The analgesic drugs inhibited propulsion of endogenous fecal pellets in a dose-dependent manner, irrespective of the effect of the vehicles (but, in view of the “excitatory” effect of the vehicles used, inhibition of colonic propulsion seemed to be more robust for loperamide and WIN 55,212-2). We analyzed several functional parameters to characterize the effects of the analgesics. One of them, propulsion speed, was calculated both directly from the fluoroscopic recordings (PS) and indirectly from the STM (PS’). Changes associated with increasing drug doses run in parallel, suggesting that both methods are valid.

Inhibition of intestinal motor function is a well-known effect of opioids and cannabinoids that is observed in both humans and animals.3,5 High doses of morphine are not only associated with nausea and vomiting, but also with constipation, as its major side effect.2,4 Loperamide also slows down intestinal peristaltic activity, leading to increased transit time,48,49 and it is mainly used in the clinic to treat diarrhea, due to its constipating effects.50,51 It is interesting to note that at the oral therapeutic doses used in the clinic to treat diarrhea, glycoprotein P (located in the gut barrier and the blood brain barrier) avoids loperamide to access the central nervous system, but higher oral (or systemic) doses may saturate glycoprotein P and exert central effects,52 including analgesia (unpublished observations from our own laboratory).

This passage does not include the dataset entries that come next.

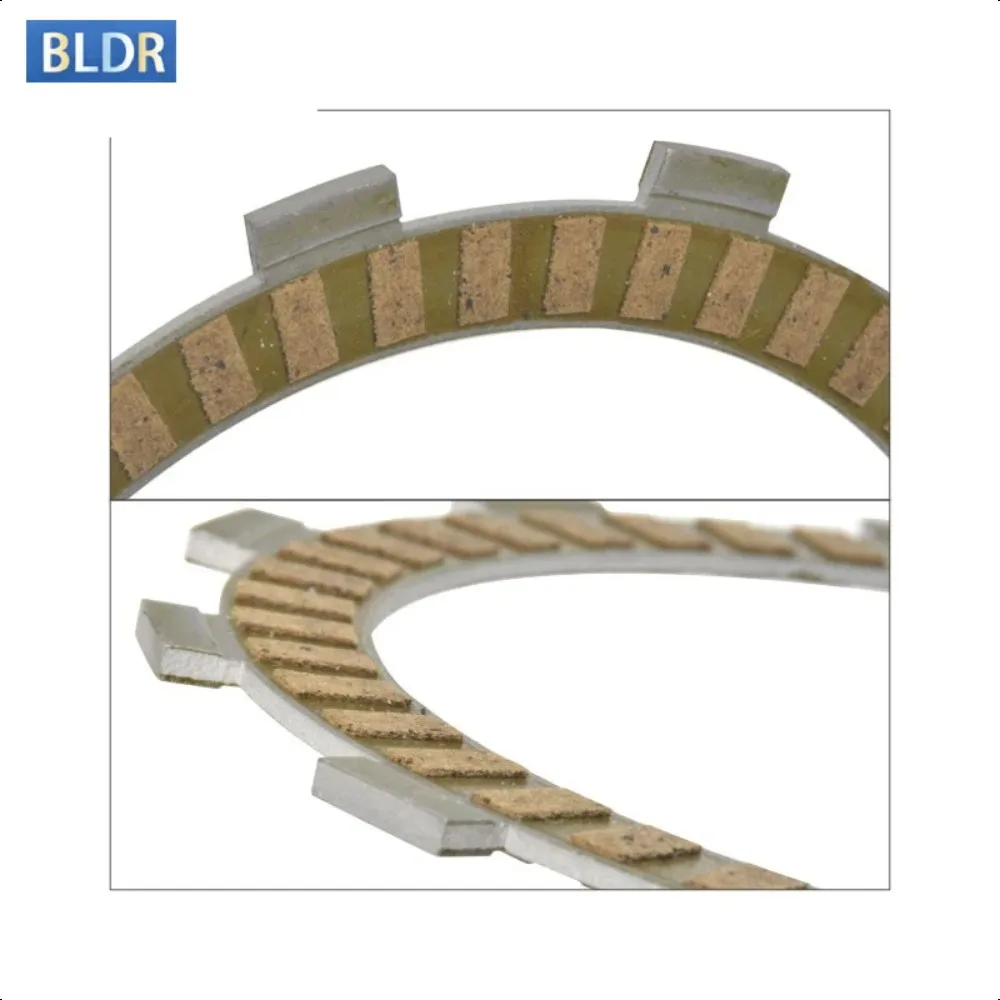 7pc Clutch Plate Friction Disc for Kawasaki ZZR400 ER-4N GPZ400R FX400R Ninja 400R EX400 KLE650 Ver/sys ABS	EN650 Vulcan view 4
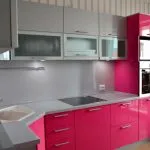 fuchsia Bucătărie 60 fotografii pentru proiecte de design, consiliere cu privire la înregistrarea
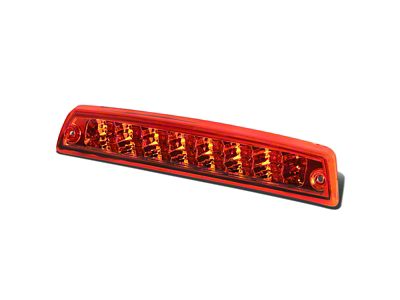 LED Third Brake Light with Cargo Light; Red (94-02 RAM 2500 w/ Cargo Lights)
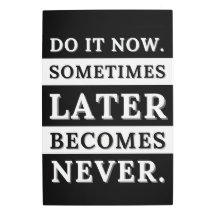 Motivatie muurkunst - Inspirerend quote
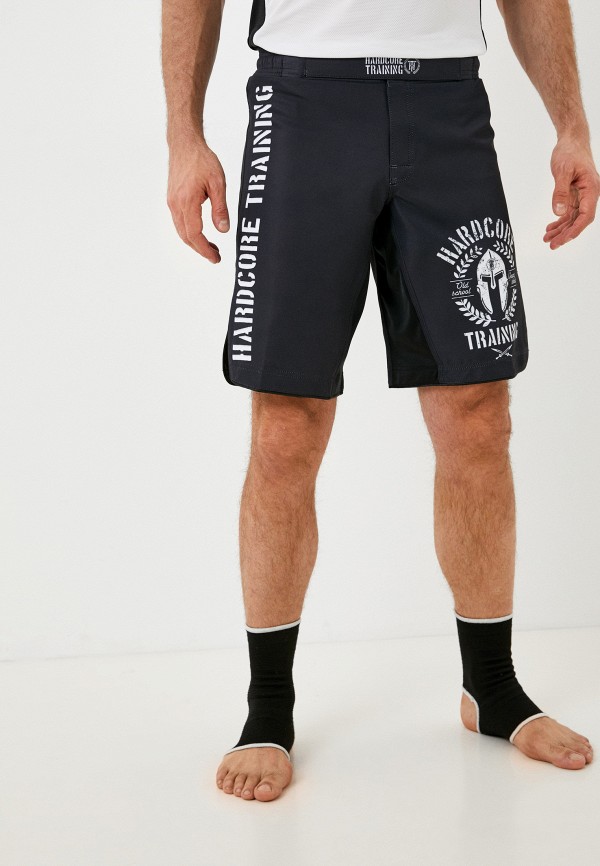 

Шорты спортивные Hardcore Training, Черный, Helmet Fightshorts
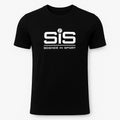 CAMISETA CASUAL SIS PRETA LOGO BRANCO TAM - G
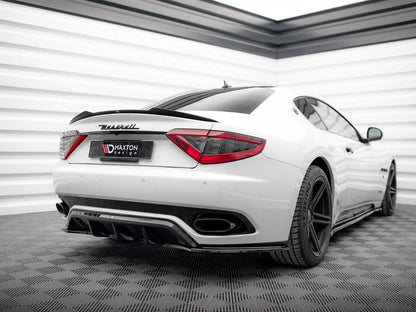 Maxton Design - REAR SIDE SPLITTERS V.2 MASERATI GRANTURISMO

At lower doses, it has also been demonstrated that loperamide may act on peripheral opioid receptors to reduce nociception in rat muscle pain models.20 Constipation is also a well-known effect of cannabis and its derivatives that has been traditionally used in the treatment of different gastrointestinal disorders.53 Specifically, the natural agonist delta-9-tetrahydrocannabinol has been shown to slow down intestinal transit and colonic propulsion in rodents,54,55 and we have extensively described the inhibitory effects of WIN 55,212-2, the synthetic non-selective cannabinoid agonist used in this report, on gastrointestinal motility.5,10,11,56,57

The doses used in this work were similar to those previously used by us and other researchers.9,10,48,49,57 Morphine and loperamide were used at 0.1, 1, 5, and 10 mg/kg, but WIN 55,212-2 was not tried at 10 mg/kg due to solubility problems. However, results for WIN 55,212-2 were also dose-dependent and comparable to those obtained for the opioid drugs.

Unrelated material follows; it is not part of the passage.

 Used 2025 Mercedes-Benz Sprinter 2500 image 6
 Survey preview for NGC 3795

Although, in general, the higher the dose, the more intense inhibition of colonic motor function, it is noteworthy that in animals treated with the lowest dose of morphine (MOR 0.1), functional parameters did not fit with the general tendency and colonic motor function was stimulated (instead of being inhibited). Interestingly, it has been demonstrated that very low doses of morphine intravenously administered produces maximum stimulation of duodenal contractility in healthy volunteers.58 In fact, excitatory effects of drugs that normally exert inhibitory actions are frequently encountered. Thus, other inhibitors of the central nervous system used at low doses also stimulate (instead of inhibiting) brain functions (alcohol as an example59). The fact that loperamide, the other opioid agonist tested, did not exert this stimulatory effect at low doses suggests that it might be more related to a central action of the drug, since at low doses loperamide does not cross the blood-brain barrier and thus, it does not induce central effects.20,60 In the case of WIN, no consistent central (psychoactive) effects were detected at doses of 1 mg/kg in the cannabinoid tetrad,21,23,46,61 suggesting that this drug at low doses might also be devoid of excitatory effects, not only on colonic motor function but also in the central nervous system.

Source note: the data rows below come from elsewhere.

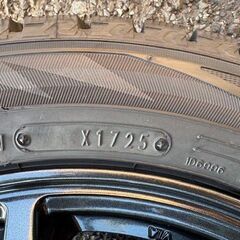 軽自動車に！新品ホイール・スタッドレスタイヤセット VENTOの画像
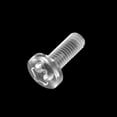 thumbnail image 5 of Unique Bargains M6x16mm Plastic Phillips Bolts PC Pan Head Machine Screws Transparent 20 Pack, 5 of 5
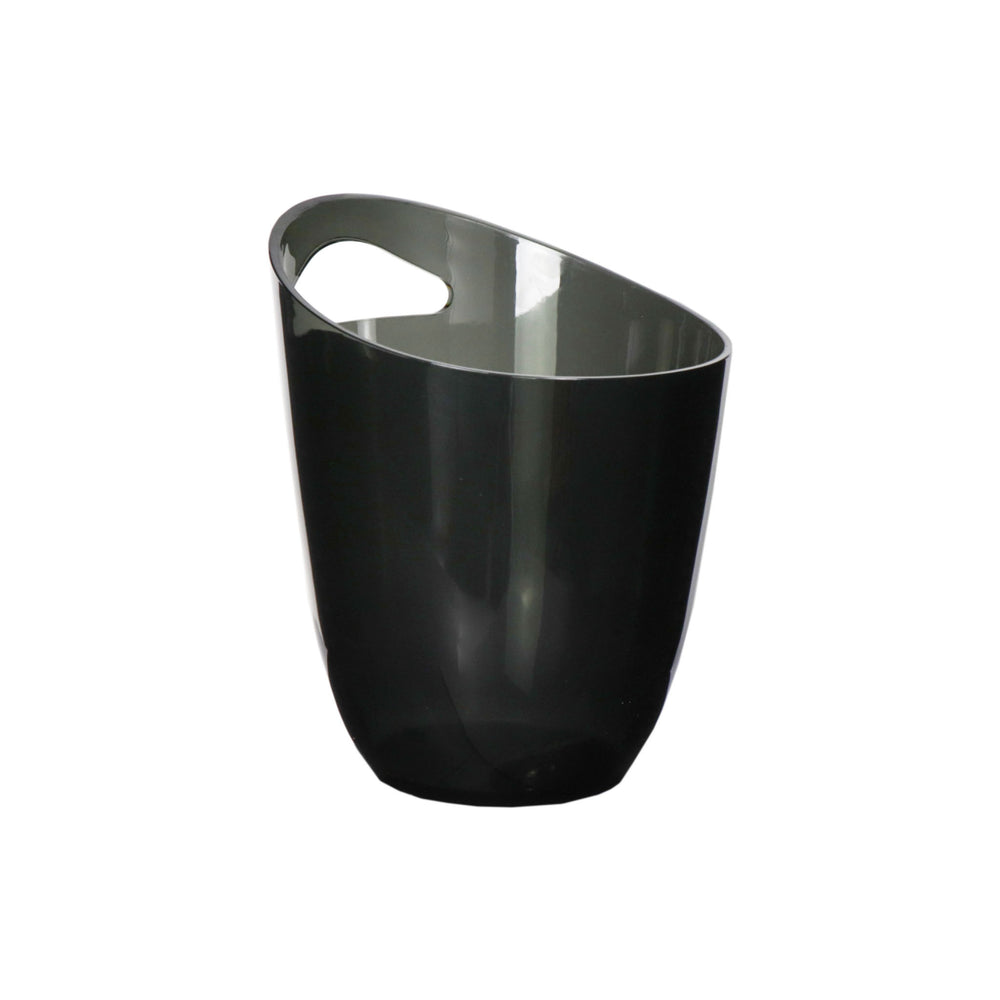 Bar Butler Acrylic Ice Bucket Clear Black PS Plastic 3L 240x190mm 73137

In conclusion, colonic propulsion of endogenous fecal pellets was studied using fluoroscopy and STM in conscious rats. This method was able to show the well-known dose-dependent effects of different analgesic drugs on colonic motor function. Future research will be devoted to evaluate the effects of other drug treatments and physiopathological situations on colon motor function without the interference of anesthetics.